My array goes from price values of $0 to $70’000, but I cannot read out the range between $5’500 and $7’000 in one go. The only way to read this range is iteratively in smaller chunks (i.e. $250 increments) and then concatenate the results, but this is not ideal as it takes much longer.

Things I’ve tried:

  • Read out iteratively and save to a new array
  • Optimize new array in terms of tile layout and tile capacity

Unfortunately to no avail… The error persists, but really only in this narrow range.

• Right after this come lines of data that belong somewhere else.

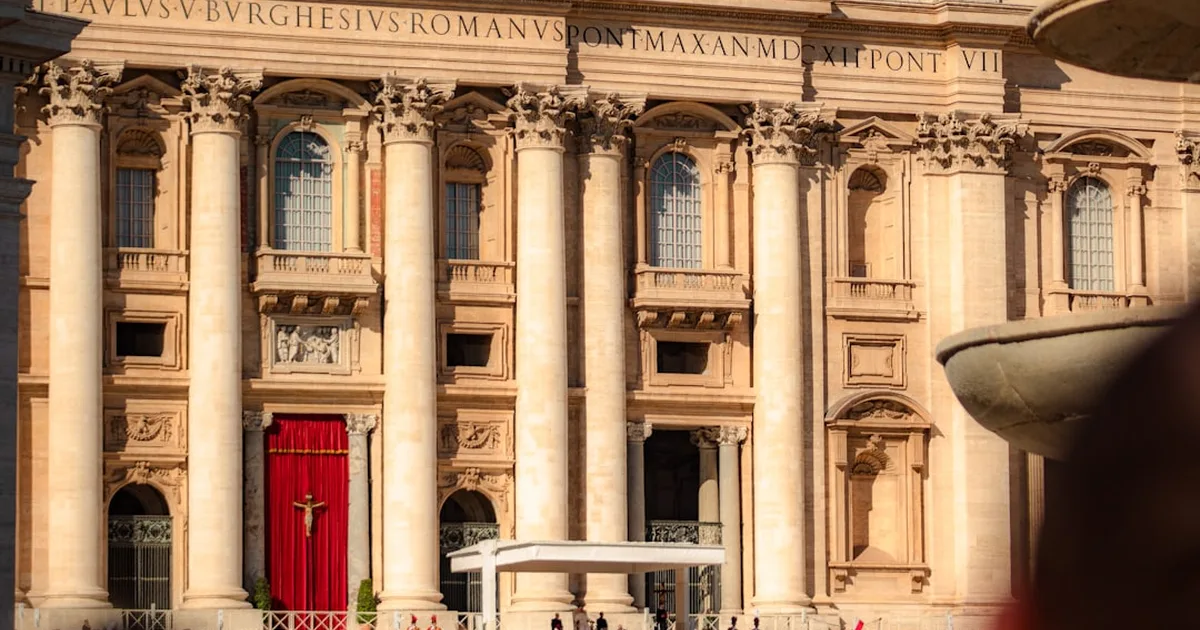 Las tres claves del sacerdocio según el Papa León XIV: una homilía para todos los cristianos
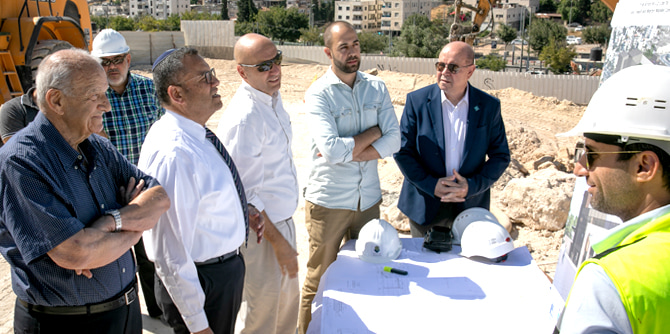 Participants in the event marking the start of construction of the Mandel Community Sports Center (Photo: Michal Fattal / The Jerusalem Foundation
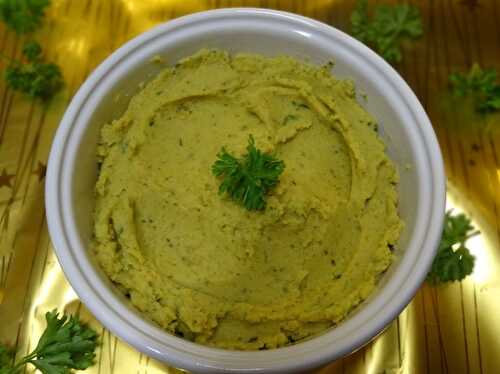 HOUMOUS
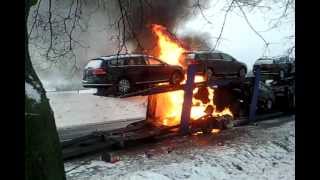 Pożar lawety Piórków 12122012  brand new cars on fire Poland [upl. by Thorner595]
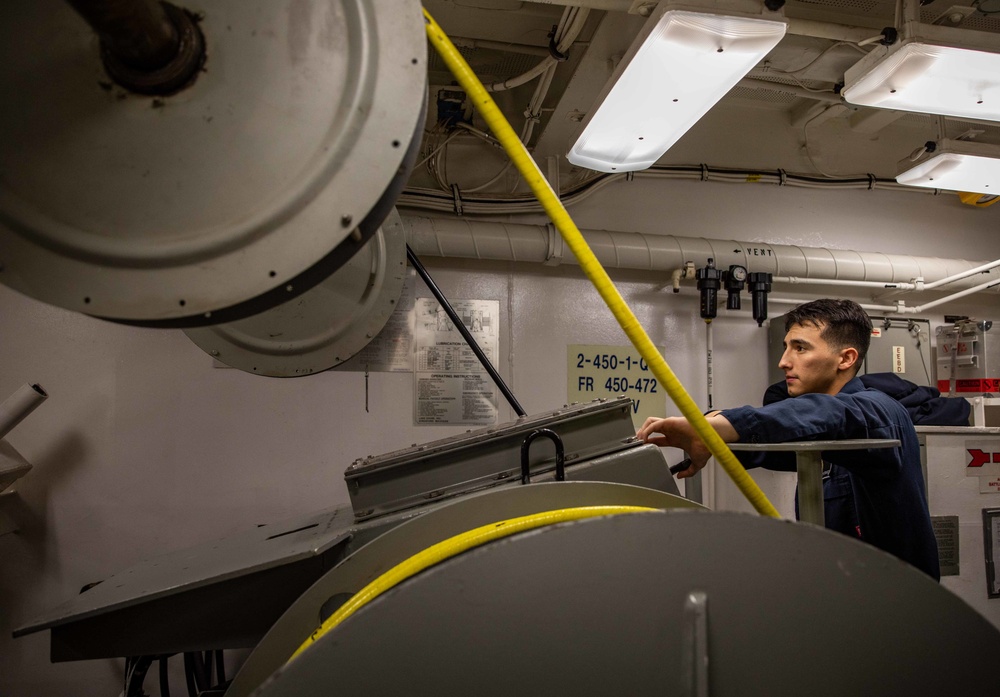 221109-N-HD110-0284 221109-N-HD110-0284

You can find the data here (~1.5 GB, 300 M data points).
Code that produces the error:

import tiledb
import pandas as pd
from pathlib import Path
import numpy as np

def from_tileDB2(p1,p2,sdir,pair):
    with tiledb.open(os.path.join(sdir,f"{pair}")) as A:
        data = A[p1:p2,:]

    df = pd.DataFrame({"price":np.array(data["coords"]["price"],dtype=np.float64),
              "date":np.array(data["coords"]["date"],dtype='datetime64[ns]'),
              "data":np.array(data["data"],dtype=np.float64)}).set_index("price")
    return df

# Source Dir
sdir = Path(r"Your_Path")
# Array Name
pair = "btcusdt2"

# Price Range
p1 = 5500
p2 = 7000

# Array Query
df = from_tileDB2(p1,p2,sdir,pair)

Traceback:

TileDBError                               Traceback (most recent call last)
<ipython-input-14-5cd2827a3f2c> in <module>
     14 p2 = 7000
     15 
---> 16 df = from_tileDB2(p1,p2,sdir,pair)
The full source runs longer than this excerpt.